A flexible Elation lighting package integrates with video throughout the 4,500-capacity venue (photo: Shane O'Neal)
USA - Clubbing in Sin City is running in high gear with several high-profile club openings in Las Vegas this year includingVictor Drai's new Drai's Beach Club & Nightclub atop the Cromwell Hotel. Elation lighting plays an integral part in the club's visually stimulating lighting, designed by Steve Lieberman of SJ Lighting, the man behind other recent Vegas club openings with Elation lighting rigs (Marquee, Life at SLS).

The 65,000 sq ft venue features both indoor and outdoor areas, including a rooftop party porch and all the VIP amenities you would expect from a club of this stature. The club embodies the attention to detail we've come to expect from nightlife mogul Victor Drai as well as Steve Lieberman, who has surrounded clubbers in an adrenalin-producing immersive lighting atmosphere.
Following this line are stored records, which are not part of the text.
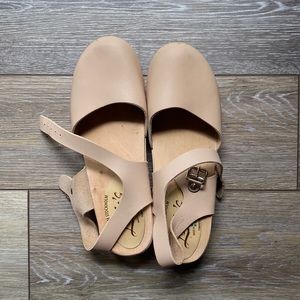 Lotta from Stockholm pink leather clog 41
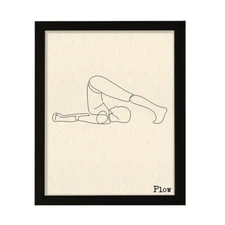Plow, FRAMED Print Yoga Wall Art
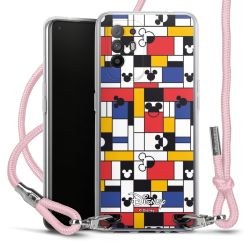 New Carry Case Transparent Stoff rosa/silber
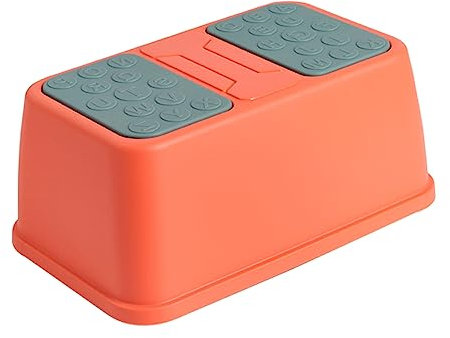 TOGEVAL 1stück Fußhocker Kunststoff Für Mädchen Roter Waschbecken-Tritt Für Sicheres Händewaschen Und Spielerisches Lernen Einlagig Für Zuhause Und Kindergarten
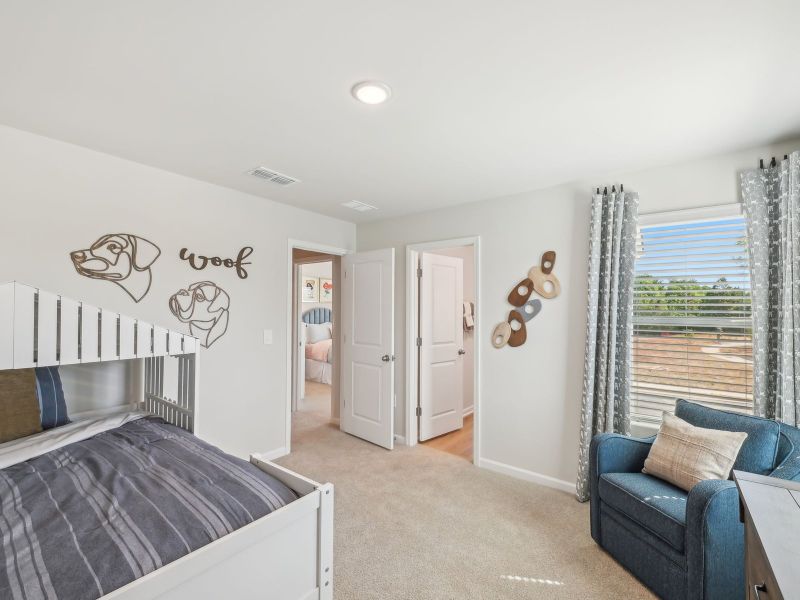 Furnished interior in a model home at Oakwood Townes in Mebane (Image 21).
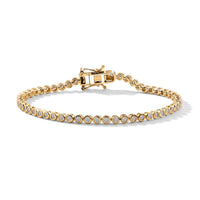 Luxuriant Lab Grown Diamond G-H SI 2.00 ctw Tennis Bracelet in 18K Vermeil Yellow Gold Over Sterling Silver (7.25 In)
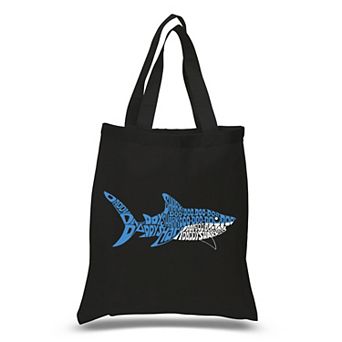 Small Word Art Tote Bag - Daddy Shark
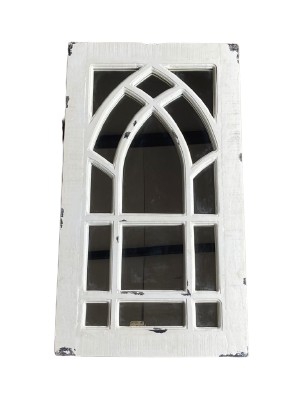 MIRROR WOOD WHITE CHURCH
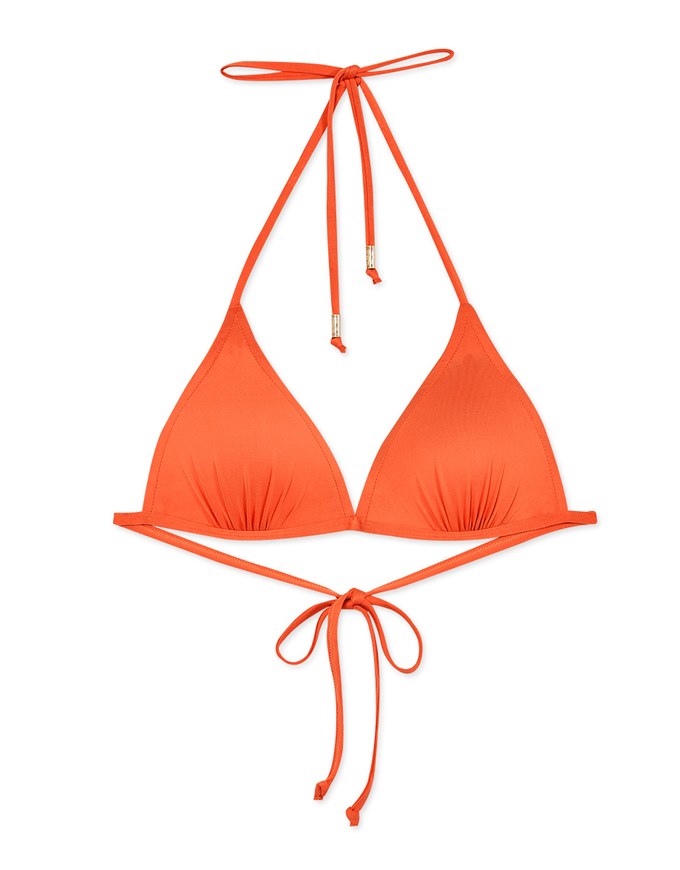 Plain Single Tie Strap Bikini Top (Thick Padded)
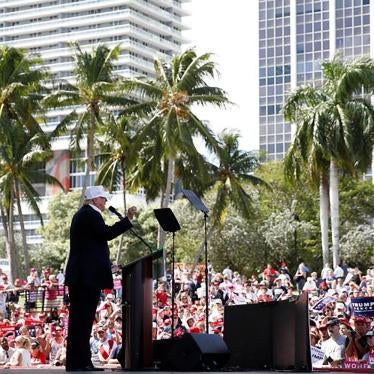 Republican presidential nominee Donald Trump holds a campaign event in Miami, Florida U.S. November 2, 2016. 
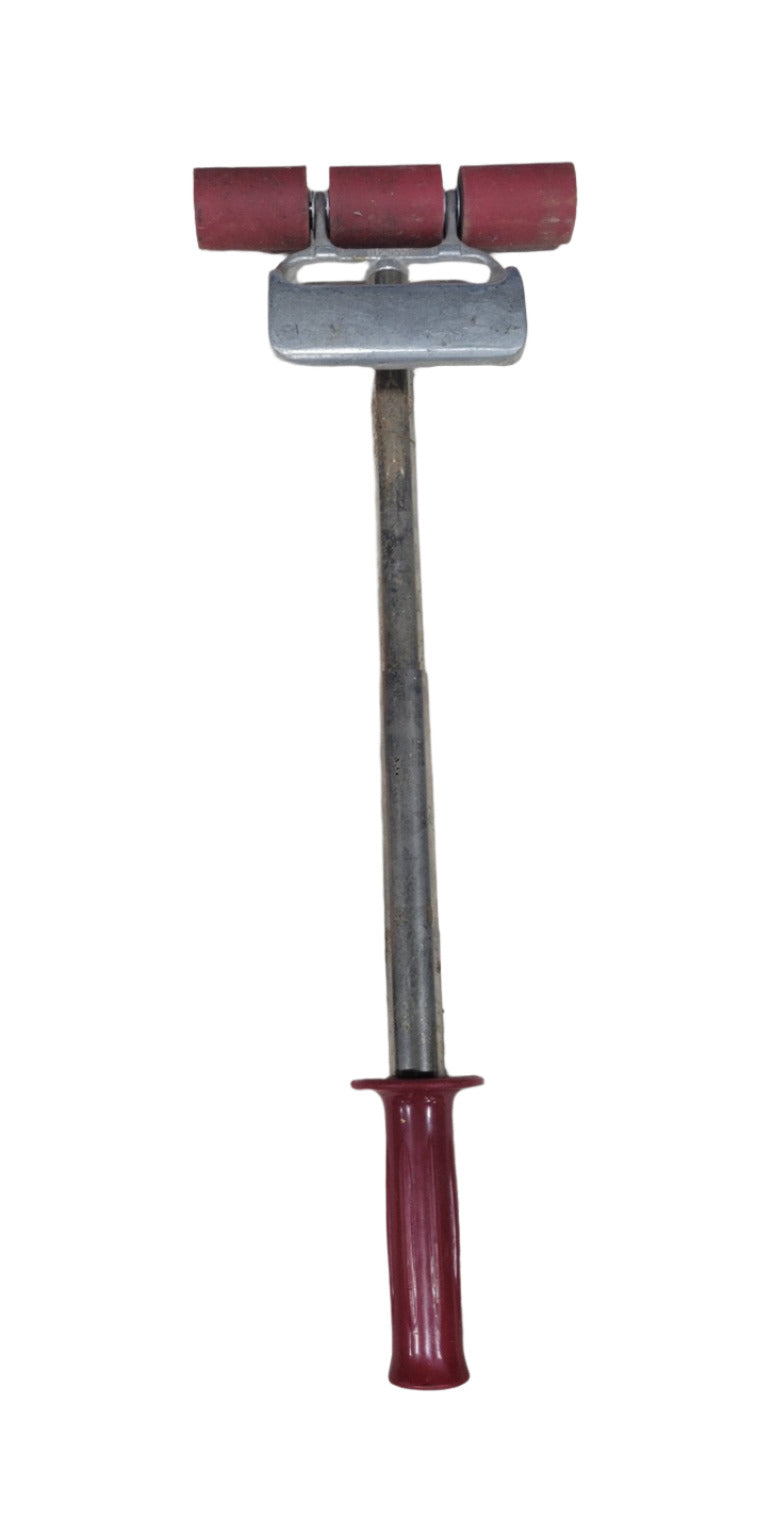 Handheld Flooring Seam Roller – 3-Wheel Design
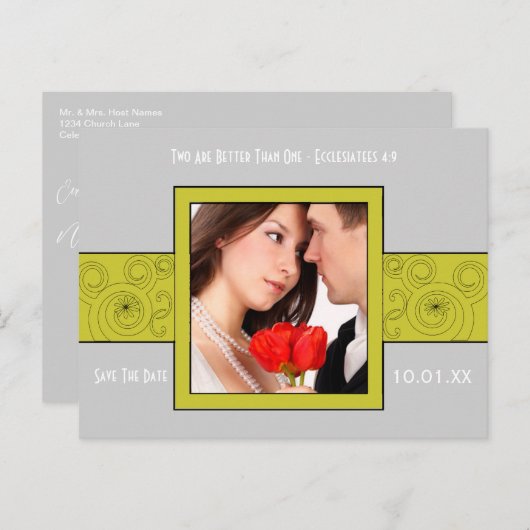 写真の日付の保存 案内ポストカード (正面/裏面)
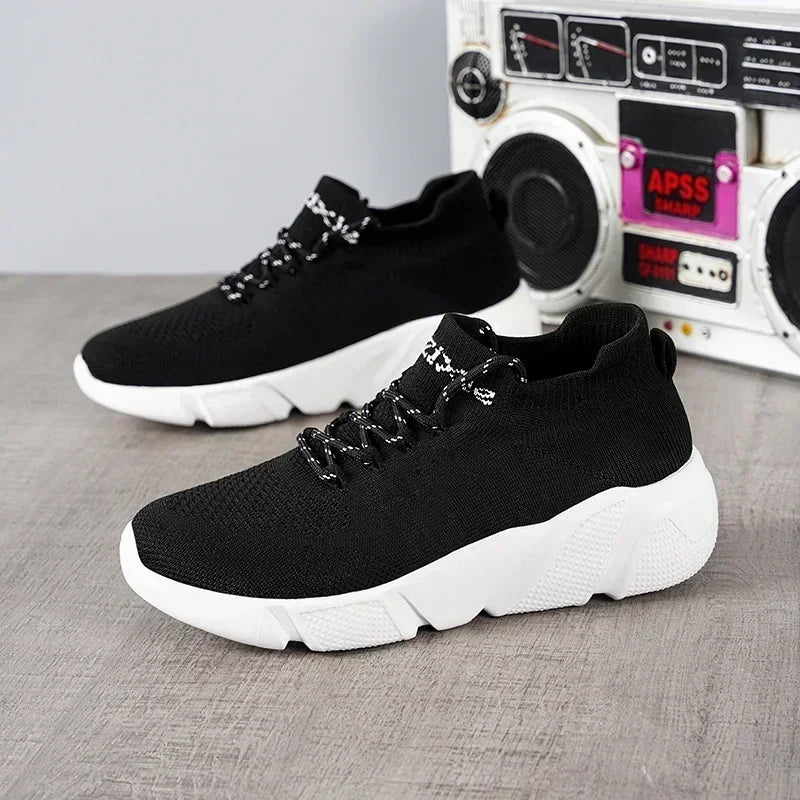Zapatillas de deporte para hombre, zapatos para mujer, calcetines de tendencia de tenis, zapatos para caminar, mocasines, transpirables, informales, para correr, verano, verde, talla grande 35-47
A flexible Elation lighting package integrates with video throughout the 4,500-capacity venue. Surrounding the dance floor's custom-built 80-sided polygon centerpiece ball is a complement of spots, beams and washes, "the three basic food groups of lighting" as Steve describes it. Given a high degree of autonomy in creating the lighting, he layered into the design Elation Platinum Spot 5R Pro and Platinum Beam 5R Extreme moving heads, along with Rayzor Q12 Zoom LED wash lights and Protron LED strobes.

The system is used for broad washes, edgy spot and strobe lighting, as well as aerial effects with each night requiring anything from big lighting looks for those energetic peaks to more subtle moments with atmosphere-generating details. Other effects like laser and blinder effects as well as video are layered in. "Between those fixtures it gives a lot of different options and elements to make the space more dynamic from a live show where you need more traditional elements to dance floor lighting," Steve comments.

The successful result at Drai's is the outcome of Steve's thorough design process part of which involves turning on only one layer of lighting at a time to see if the pattern makes sense and also to make sure that it fills out the room and feels right. Designed with flexibility in mind to keep the lighting fresh and stimulating, the design forms a single cohesive element with all lighting elements working together.